Und dann breche ich doch noch mit der Tagestradition und gehe zu den beiden großen Bühnen. Sabrina Carpenter möchte ich mir nicht entgehen lassen. Ich möchte doch später mal mitreden und in Gesprächen so ganz nebenbei sagen können, ‘jaja, Sabrina Carpenter habe ich übrigens schon live gesehen.’ Allerdings müsste ich dann leider folgendes erzählen: Das war ein schwaches Konzert. Ich hatte mir mehr erhofft.
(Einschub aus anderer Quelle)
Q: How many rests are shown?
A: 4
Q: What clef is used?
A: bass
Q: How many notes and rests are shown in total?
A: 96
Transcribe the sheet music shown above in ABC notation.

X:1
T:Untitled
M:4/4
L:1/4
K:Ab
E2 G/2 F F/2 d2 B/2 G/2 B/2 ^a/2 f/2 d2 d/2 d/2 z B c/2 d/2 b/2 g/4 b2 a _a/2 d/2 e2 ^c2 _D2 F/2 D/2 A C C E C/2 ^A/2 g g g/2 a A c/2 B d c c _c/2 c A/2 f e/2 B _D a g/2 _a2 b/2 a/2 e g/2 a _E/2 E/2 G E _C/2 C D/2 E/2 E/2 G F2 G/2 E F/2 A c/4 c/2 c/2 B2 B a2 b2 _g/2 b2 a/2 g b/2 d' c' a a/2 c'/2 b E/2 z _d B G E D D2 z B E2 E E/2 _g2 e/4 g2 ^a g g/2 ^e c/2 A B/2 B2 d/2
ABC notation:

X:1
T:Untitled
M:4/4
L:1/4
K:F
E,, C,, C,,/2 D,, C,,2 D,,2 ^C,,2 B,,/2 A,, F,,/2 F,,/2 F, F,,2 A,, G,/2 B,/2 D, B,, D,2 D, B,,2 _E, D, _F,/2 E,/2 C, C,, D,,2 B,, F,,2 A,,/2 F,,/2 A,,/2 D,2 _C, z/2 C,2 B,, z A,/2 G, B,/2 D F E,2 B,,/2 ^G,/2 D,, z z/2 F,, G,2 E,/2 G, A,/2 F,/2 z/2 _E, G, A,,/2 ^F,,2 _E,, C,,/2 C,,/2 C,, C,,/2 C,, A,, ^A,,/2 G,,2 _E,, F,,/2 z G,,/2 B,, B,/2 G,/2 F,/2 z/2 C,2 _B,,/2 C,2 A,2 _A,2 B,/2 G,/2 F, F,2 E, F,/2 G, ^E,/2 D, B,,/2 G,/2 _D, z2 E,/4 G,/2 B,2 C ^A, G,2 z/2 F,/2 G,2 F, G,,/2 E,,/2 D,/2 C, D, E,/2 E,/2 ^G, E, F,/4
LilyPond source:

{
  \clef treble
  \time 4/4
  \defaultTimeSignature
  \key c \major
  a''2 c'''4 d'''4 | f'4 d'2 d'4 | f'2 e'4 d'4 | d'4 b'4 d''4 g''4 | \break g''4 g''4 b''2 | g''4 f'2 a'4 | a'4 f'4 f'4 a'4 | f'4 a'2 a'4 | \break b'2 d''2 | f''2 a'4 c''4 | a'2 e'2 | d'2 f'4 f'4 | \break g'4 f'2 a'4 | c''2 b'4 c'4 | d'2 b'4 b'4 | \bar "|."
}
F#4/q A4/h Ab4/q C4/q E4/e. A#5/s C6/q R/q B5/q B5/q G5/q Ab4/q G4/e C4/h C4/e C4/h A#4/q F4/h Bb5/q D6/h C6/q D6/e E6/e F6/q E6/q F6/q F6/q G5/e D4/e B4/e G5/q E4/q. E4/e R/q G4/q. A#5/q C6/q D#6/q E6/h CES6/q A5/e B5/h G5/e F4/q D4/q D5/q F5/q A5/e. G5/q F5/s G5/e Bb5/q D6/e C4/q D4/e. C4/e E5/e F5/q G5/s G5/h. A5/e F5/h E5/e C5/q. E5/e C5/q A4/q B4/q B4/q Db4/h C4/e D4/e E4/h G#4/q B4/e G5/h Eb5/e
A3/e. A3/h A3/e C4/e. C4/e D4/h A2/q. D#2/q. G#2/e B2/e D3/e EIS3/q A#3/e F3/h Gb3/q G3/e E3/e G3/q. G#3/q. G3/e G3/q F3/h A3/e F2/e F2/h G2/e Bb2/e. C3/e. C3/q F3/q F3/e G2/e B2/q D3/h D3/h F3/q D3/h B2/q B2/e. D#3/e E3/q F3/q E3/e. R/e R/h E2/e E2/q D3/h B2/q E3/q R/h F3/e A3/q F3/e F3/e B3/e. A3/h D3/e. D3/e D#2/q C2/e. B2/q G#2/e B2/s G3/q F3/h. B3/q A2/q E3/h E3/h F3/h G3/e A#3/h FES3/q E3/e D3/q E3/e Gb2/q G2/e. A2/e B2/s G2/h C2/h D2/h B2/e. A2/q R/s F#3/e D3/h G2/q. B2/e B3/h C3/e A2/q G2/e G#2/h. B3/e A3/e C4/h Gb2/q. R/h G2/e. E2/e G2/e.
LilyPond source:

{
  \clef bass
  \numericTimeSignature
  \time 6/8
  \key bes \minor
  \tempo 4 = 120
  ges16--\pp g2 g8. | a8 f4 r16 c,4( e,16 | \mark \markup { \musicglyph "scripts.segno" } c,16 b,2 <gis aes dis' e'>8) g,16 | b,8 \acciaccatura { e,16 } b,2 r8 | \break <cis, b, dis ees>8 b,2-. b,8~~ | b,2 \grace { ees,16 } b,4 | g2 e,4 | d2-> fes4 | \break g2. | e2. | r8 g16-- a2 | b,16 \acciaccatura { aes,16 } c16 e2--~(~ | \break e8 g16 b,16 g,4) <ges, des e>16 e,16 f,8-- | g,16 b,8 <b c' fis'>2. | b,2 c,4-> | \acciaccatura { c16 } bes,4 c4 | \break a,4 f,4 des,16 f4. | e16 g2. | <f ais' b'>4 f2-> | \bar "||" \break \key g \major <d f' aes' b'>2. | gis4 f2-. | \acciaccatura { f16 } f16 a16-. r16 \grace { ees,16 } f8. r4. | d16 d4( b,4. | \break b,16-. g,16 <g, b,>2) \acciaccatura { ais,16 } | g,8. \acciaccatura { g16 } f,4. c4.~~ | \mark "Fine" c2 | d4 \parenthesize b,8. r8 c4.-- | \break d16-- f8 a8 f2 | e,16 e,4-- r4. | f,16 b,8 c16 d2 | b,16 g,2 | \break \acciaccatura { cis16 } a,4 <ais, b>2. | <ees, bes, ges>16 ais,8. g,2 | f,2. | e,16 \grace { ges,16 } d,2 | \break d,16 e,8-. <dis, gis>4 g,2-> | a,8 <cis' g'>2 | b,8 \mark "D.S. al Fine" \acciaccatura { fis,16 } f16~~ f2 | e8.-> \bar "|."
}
Aber die 30 Minuten, in denen ich das Konzert verfolge, spielt Sabrina Carpenter sehr wenig und erzählt sehr viel. „Espresso“ möchte ich gerne hören, stattdessen höre ich das Cover „It’s raining men“ von The weather girls. „Espresso“ spielt Sabrina Carpenter erst als letzten Song, lese ich am Morgen danach. Da bin ich schon auf dem Weg ins Hotel, denn irgendwann nach der gefühlt 10. Endlosshoweinlage habe ich keine Lust und gehe.

Sabrina Carpenter covert The Weather Girls beim Primavera Sound 2025.